De Gaulle a d’ailleurs dit que la Ve République fermait la période de troubles ouverte 150 ans auparavant (c’est à dire en 1789). Il a aussi exprimé le fait qu’il donnait à la France le premier gouvernement stable depuis Mac-Mahon, le militaire qui a dirigé la République après l’extermination de la Commune. Le propre du gaullisme, c’est de prétendre être au-dessus des classes sociales et des contradictions de la société capitaliste – par définition, le gaullisme prétend n’être « ni de gauche ni de droite », mais passer par-dessus les querelles entre partis politiques. Il prétend incarner une « troisième voie » et entend organiser une association entre le Capital et le Travail. Le régime gaulliste veut surtout incarner le corps national. Selon De Gaulle, il faut un chef d’État fort qui incarne totalement la Nation. C’est pour cela que sa Constitution prévoit un rôle prépondérant pour le président, qui doit être une sorte de monarque républicain. En effet, avec l’article 16 de la Constitution, le président de la République peut endosser des pouvoirs exceptionnels temporaires de 6 mois en cas de situation considérée comme dramatique. Il n’aura pu instaurer l’élection du président au suffrage direct qu’en 1962 (stratégie lui permettant d’asseoir son pouvoir par l’approbation des masses), mais le plus important c’est que le Parlement est devenu soumis et secondaire par rapport au pouvoir exécutif qui encadre toutes les institutions bourgeoises. La Constitution de 1958 instaurant la Vème République a donc permis de mettre en place un cadre stable pour garantir la domination de la bourgeoisie impérialiste, c’est-à-dire du capital financier et des groupes monopolistes sur les institutions étatiques. Le propre du régime de la Ve République c’est la toute-puissance du président de la République, c’est une véritable monarchie élective. Cette tendance s’est encore accrue récemment avec Emmanuel Macron.

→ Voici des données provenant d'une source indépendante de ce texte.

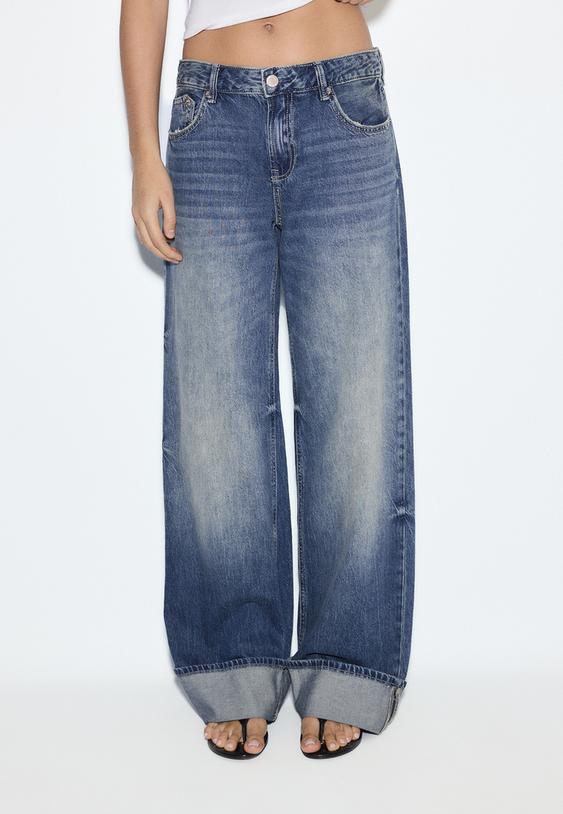 Stradivarius D91 Jean Low Wide Leg Denim Bleu Moyen Délavé 32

Ceci-dit, la bourgeoisie impérialiste française ne peut plus faire cavalier seul, elle doit constituer un bloc européen pour contrebalancer les USA, tout en étant en contradiction avec la volonté de l’Allemagne de se reconstituer en super-puissance. Elle pousse à la restructuration de l’économie sur les bases d’une industrie de pointe. La bourgeoisie financière soutient pour l’instant majoritairement Macron, mais cela changera avec le développement de la révolution prolétarienne. Elle n’en reste pas moins agressive et suit le vent guerrier qui souffle sur le monde. L’armée n’a jamais été aussi bien traitée que sous l’actuel président.
Il y a un troisième acteur, qui est aujourd’hui secondaire : l’armée, qui dans chaque crise de régime depuis le coup d’État contre le Comité de Salut Public, est intervenue pour appuyer le camp le plus réactionnaire. Le Général Pierre de Villiers est la voix de cette armée traditionnelle et profondément réactionnaire. Sur certains aspects, il est proche de Zemmour, mais là où le polémiste est un incendiaire, le Général en retraite se veut être un pompier. Il est de loin la figure la plus proche de De Gaulle, et il fait partie de ceux qui voudront le pouvoir quand le fruit sera mûr. Réactionnaire, il est libéral en économie mais sera dirigiste quand il le faudra. Car, tôt ou tard, l’armée jouera un rôle politique de premier plan dans l’histoire de la nation. Les lettres ouvertes dans la presse de militaires, actifs ou retraités, ont montré que l’armée compte bien participer à la politique du pays.
Il ne faut pas voir ces chemins comme antagoniques, ils vont tous vers la guerre inter-impérialiste. Certains voudraient l’éviter, d’autres sont ardemment convaincus de sa nécessité pour que la France redevienne une grande puissance. La bourgeoisie française sait que seul son armée lui permettra au minimum de maintenir sa place, et tôt ou tard elle se blottira contre elle pour se maintenir et accélérer la préparation à la guerre.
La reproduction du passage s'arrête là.